In second place is Alexander Hamilton’s First Bank of the United States, which set the precedent, 1791-1811.
You can guess #3: the Second Bank of the United States. It was created in 1816. Three years later, it produced the nation’s first economic depression.
It is best known for two things. First, the Supreme Court upheld its sovereignty in the famous case, McCulloch v. Maryland (1819). That case created tax immunity for the U.S. government. The states may not tax any agency of the federal government. Such tax immunity did not officially exist prior to 1819. Textbooks do not mention this judicial fact.
Second, in 1832, President Jackson vetoed a bill to extend the life of the Bank for an extra 15 years beyond the “sunset” date of 1836. For doing this, historians dismiss Jackson as an economic ignoramus. Not only was he not an economic ignoramus, he delivered the United States from the scourge of crony capitalism’s most important institution until 1914.
This week, I discovered something that I had never heard of in over 50 years of studying American history. There was a link between McCulloch v. Maryland and Jackson’s veto. This existence of this link was deliberately suppressed by Chief Justice John Marshall in 1819. Marshall was so successful in suppressing this information that no historian saw its connection to the veto. I spotted it only because of my course in American history for the Ron Paul Curriculum. I have a Ph.D. in history. One of my fields was 19th-century American history. Yet I was not told of this connection. The historical guild has not talked about it. I think this is because no one has looked at the relevant documents and then put two and two together. I put the pieces together here.

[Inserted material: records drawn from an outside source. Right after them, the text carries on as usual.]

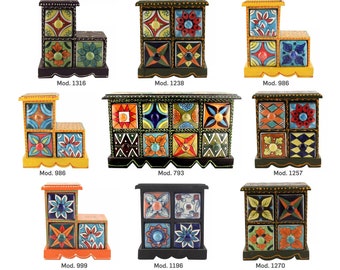 Portaspezie di legno con cassetti di ceramica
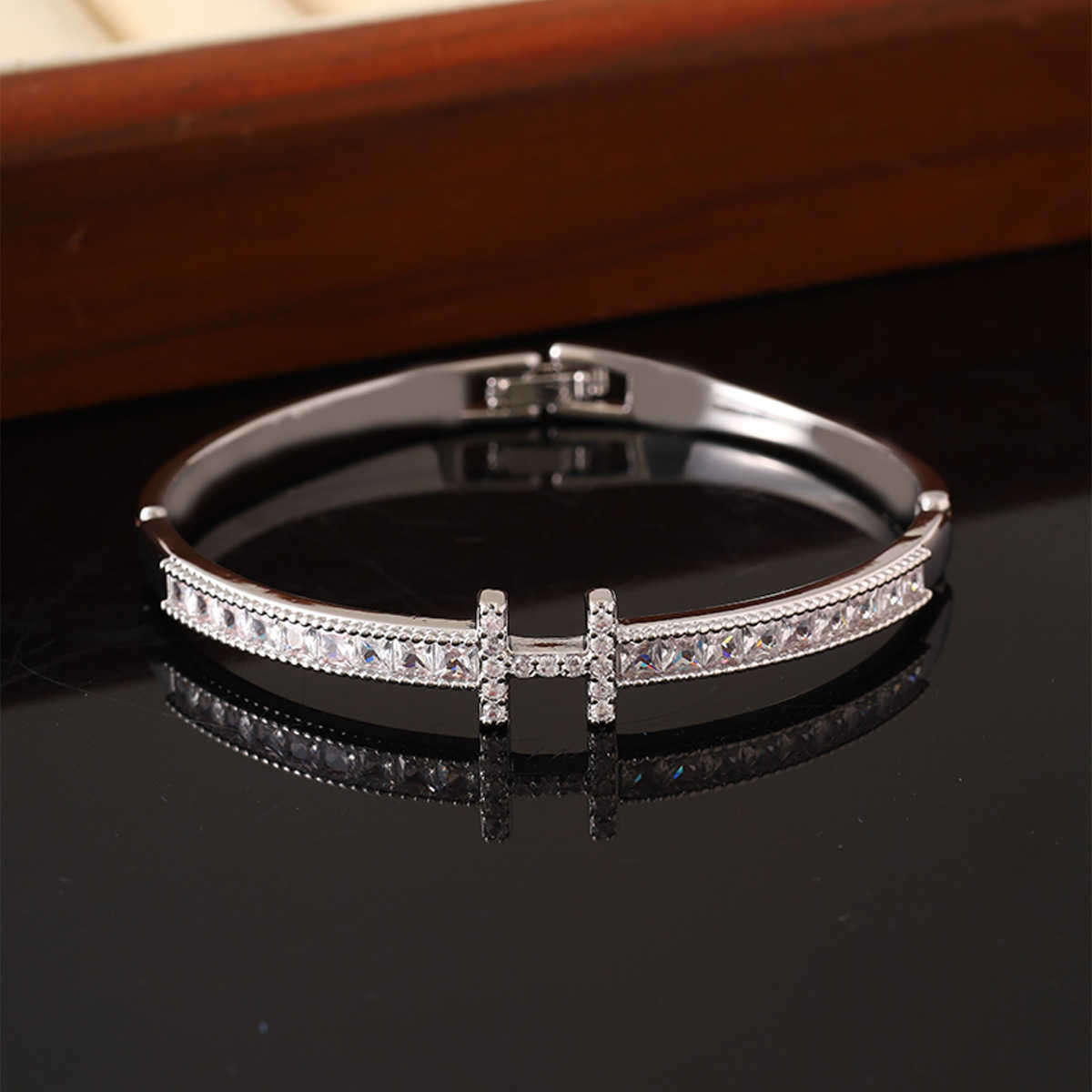 Hot-selling fashionable letter-shaped H bracelet with zirconia, light luxury, versatile and high-end, exquisite in style M251216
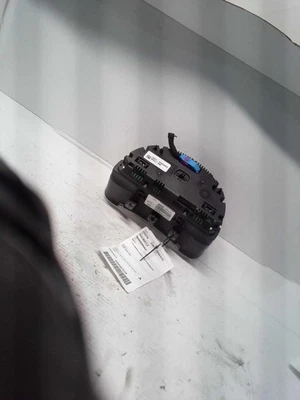Medidor de velocímetro usado se adapta a: Volkswagen Beetle Cluster 2015 motor de gasolina MPH Foto 1 de 4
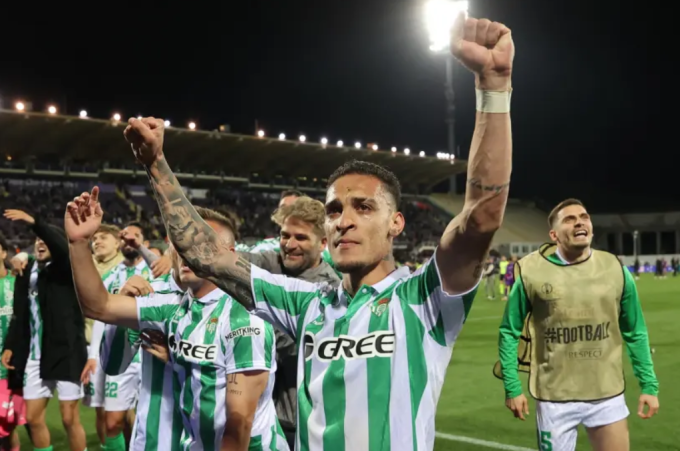 Antony ăn mừng cùng đồng đội sau trận đấu tại bán kết UEFA Conference League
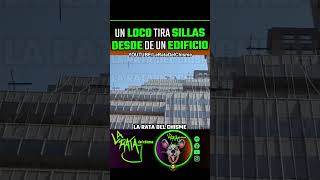 LOCO TIRANDO SILLAS DESDE EDIFICO EN NEW YORK laratadelchisme [upl. by Atinad]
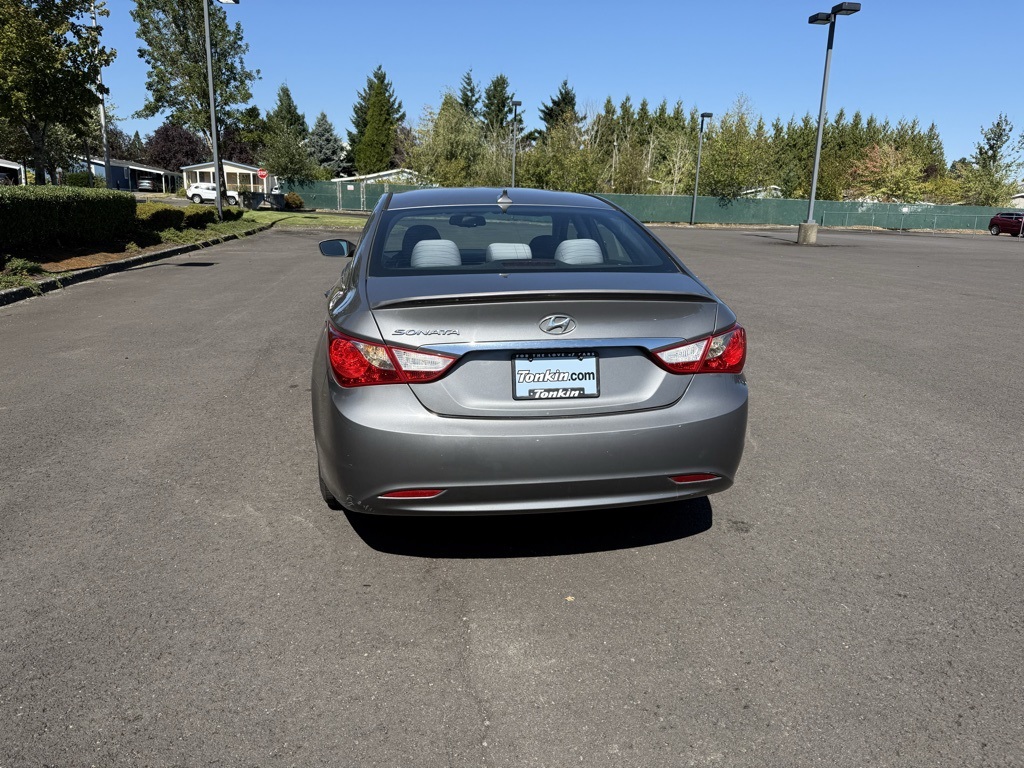 2013 Hyundai Sonata GLS photo 3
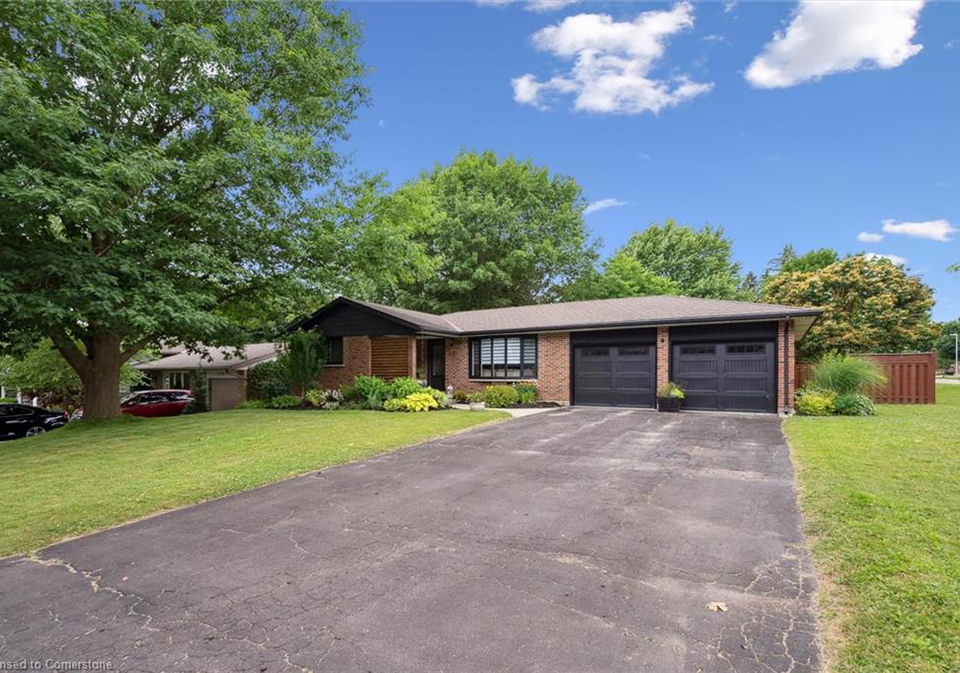 276-john-street-elora-ontario-40750245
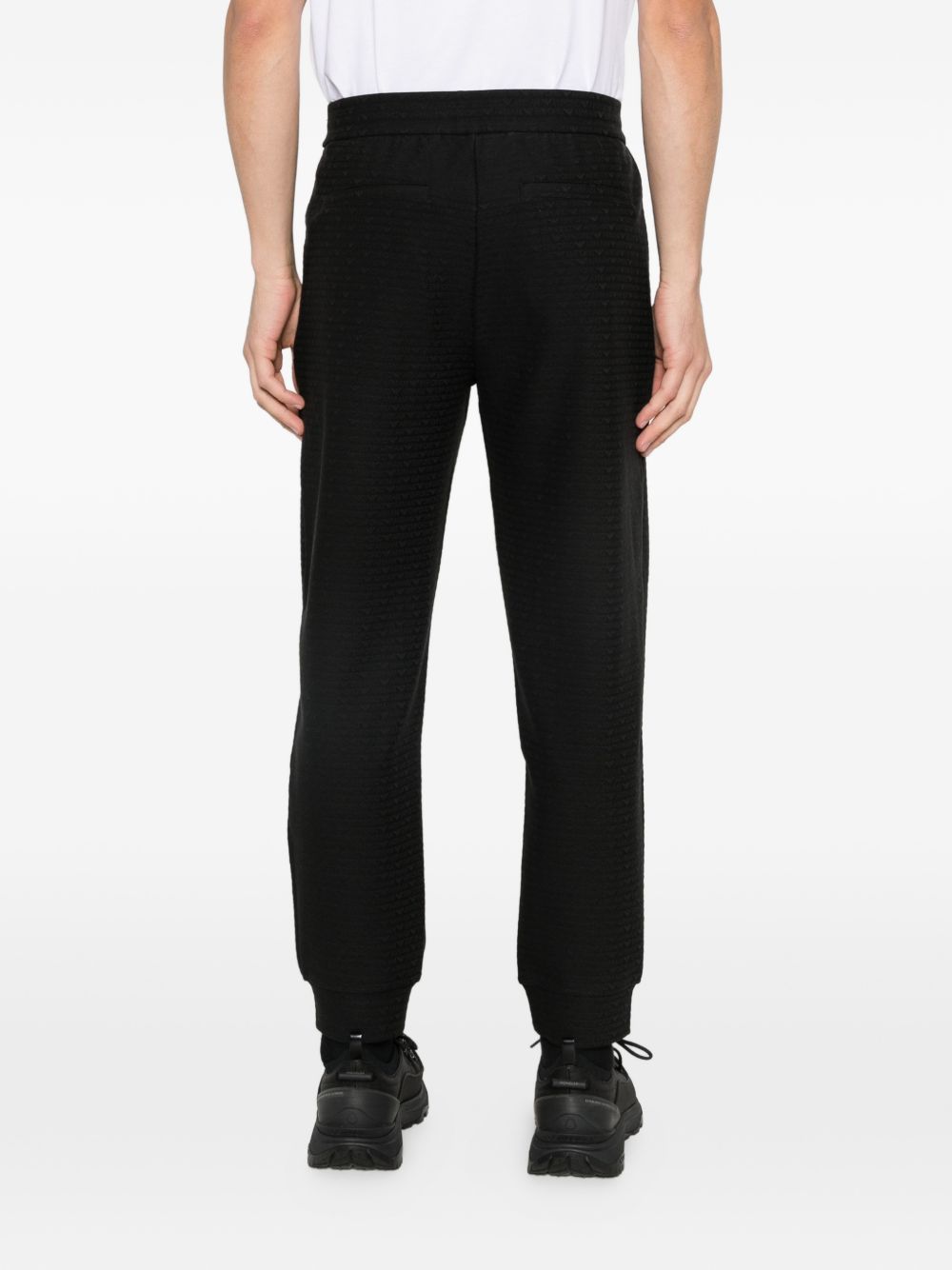 Emporio Armani jogger gedragen bij het bijpassende zipjack in dezelfde jacquardstof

Marshall lived long enough to to see this link revived in 1832. Jackson used it in his veto of the Bank. If Jackson had had his way, the state taxation of the federal government’s profit-seeking ventures — Fannie Mae, Freddie Mac, and the Federal Reserve System — would have begun decades ago. But no other President followed his lead.
Upon the formation of the Constitution the States guarded their taxing power with peculiar jealousy. They surrendered it only as it regards imports and exports. In relation to every other object within their jurisdiction, whether persons, property, business, or professions, it was secured in as ample a manner as it was before possessed. All persons, though United States officers, are liable to a poll tax by the States within which they reside. The lands of the United States are liable to the usual land tax, except in the new States, from whom agreements that they will not tax unsold lands are exacted when they are admitted into the Union. Horses, wagons, any beasts or vehicles, tools, or property belonging to private citizens, though employed in the service of the United States, are subject to State taxation. Every private business, whether carried on by an officer of the General Government or not, whether it be mixed with public concerns or not, even if it be carried on by the Government of the United States itself, separately or in partnership, falls within the scope of the taxing power of the State. Nothing comes more fully within it than banks and the business of banking, by whomsoever instituted and carried on. Over this whole subject-matter it is just as absolute, unlimited, and uncontrollable as if the Constitution had never been adopted, because in the formation of that instrument it was reserved without qualification.